Within these areas there are 16 targeted interventions. These interventions show the best evidence of generating impact and value – for health, the economy and other areas of national sustainable development.

For alcohol policy, the three best buys are

  1. Increasing alcohol taxation,
  2. Decreasing alcohol availability, and
  3. Comprehensively restricting or banning alcohol advertising, sponsorships and promotions.

These policies are stronger and more beneficial when implemented in an integrated approach.

Countries can select a single intervention based on their need and build on this with additional interventions. As the number of interventions that a country implements increases, there is a compound increase in benefits.

Alcohol policy best buys generate 2nd biggest returns on investment

The report provides evidence on the impact-fulness  and cost-effectiveness of using taxation to prevent and reduce alcohol and tobacco harm.

Raising taxes on tobacco and alcohol is a proven, efficient and cost-effective way for governments to reduce consumption and to raise additional revenue,” the report argues.

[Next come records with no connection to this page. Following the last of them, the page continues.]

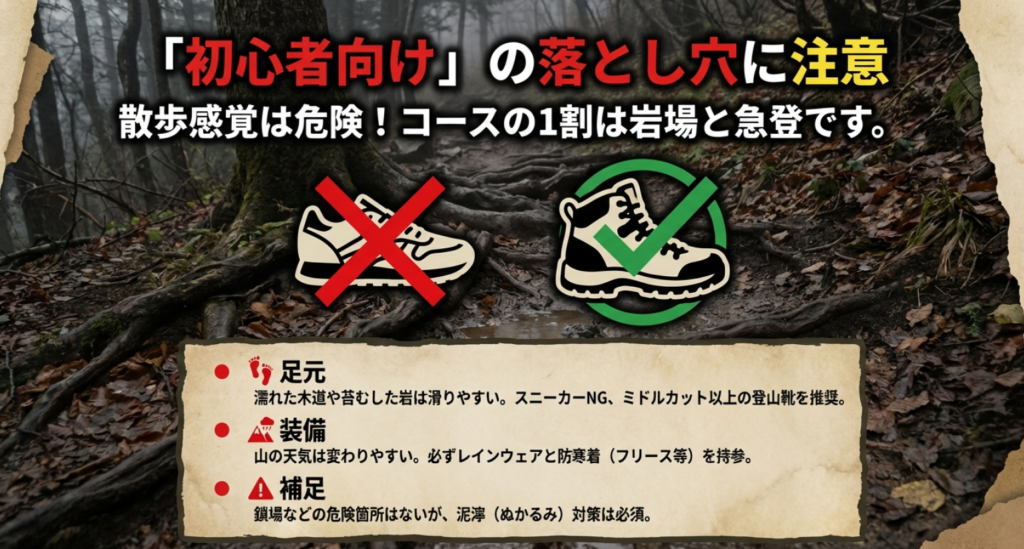 にゅう登山における初心者向けの注意点：スニーカーNGと推奨される登山装備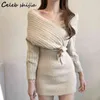 Kore Chic Kayısı Yünlü Elbise Kadınlar Için Kış 2021 Çapraz V Boyun Zarif Mini Örgü Elbiseler Bodycon Güz Yeni Vestido Feminino Y1204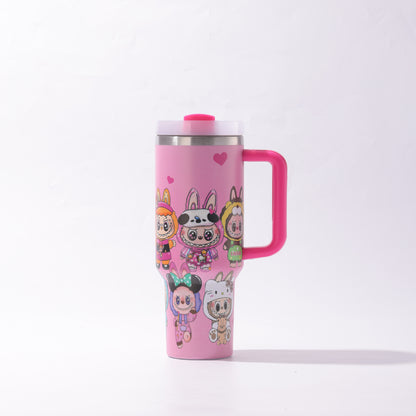 Labubu 40oz Insulated Tumbler with Handle and Straw Car Travel Mug Hot & Cold Stainless Steel Cup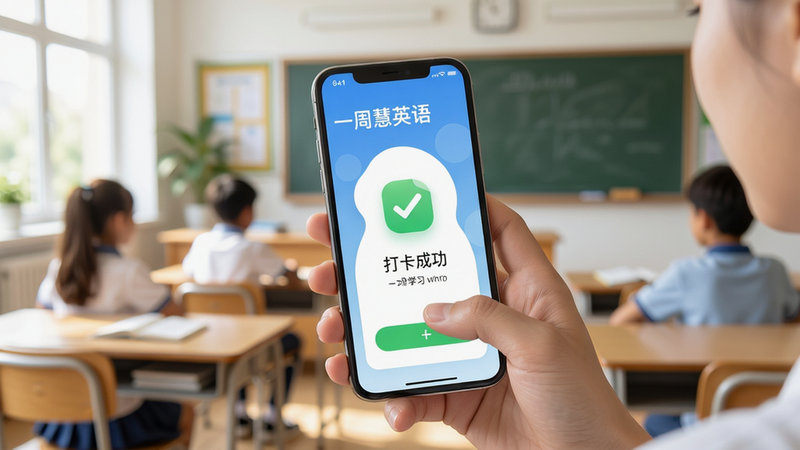 一周慧英语App在手机上运行的使用场景,用户手持手机点击学习任务,界面显示打卡成功动画,背景为明亮的教室,整体画面自然,画质高清,干净无多余元素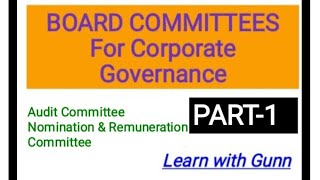 Audit Committee Nomination amp Remuneration Committee Improving governance through BOARD COMMITTEES [upl. by Fechter241]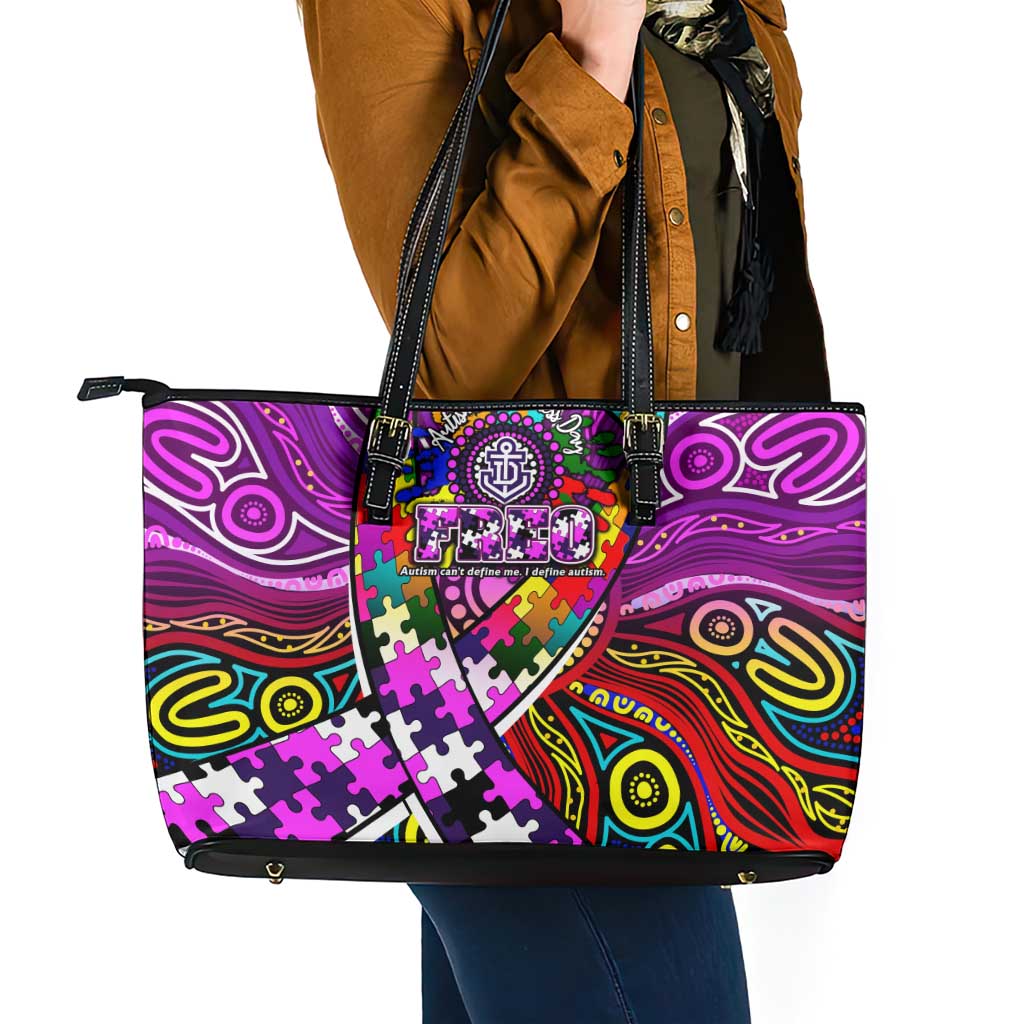 Autism Awareness Australia Fremantle Freo Leather Tote Bag Aboriginal Indigenous Art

The Addis Ababa Action Agenda 2015 recognizes that tax measures on tobacco can be an effective means to reduce tobacco consumption and health-care costs, and represent a revenue stream for financing for development. Taxation of tobacco and alcohol are both Best Buys. In 2016 WHO analysis estimated that raising cigarette excise in all countries by 1 international dollar (PPP$) per pack (about US$ 0.8/pack) would increase cigarette excise revenue by 47%, from PPP$ 402 billion to PPP$ 593 billion, giving an extra PPP$ 190 billion (US$ 141 billion) in revenue.

Compared with tobacco taxation, the potential for domestic resource mobilization through alcohol taxation could be even bigger since taxes on alcohol tend to be lower in most countries. A study of 42 high-, middle- and low-income countries found that raising excise duties on alcohol to at least 40% of the total retail price would increase tax revenue in these countries by 80% to US$ 77 Billion.

Expressed as a proportion of total current spending on health, it is low-income countries that have most to gain (additional receipts would amount to 38% of total current spending on health).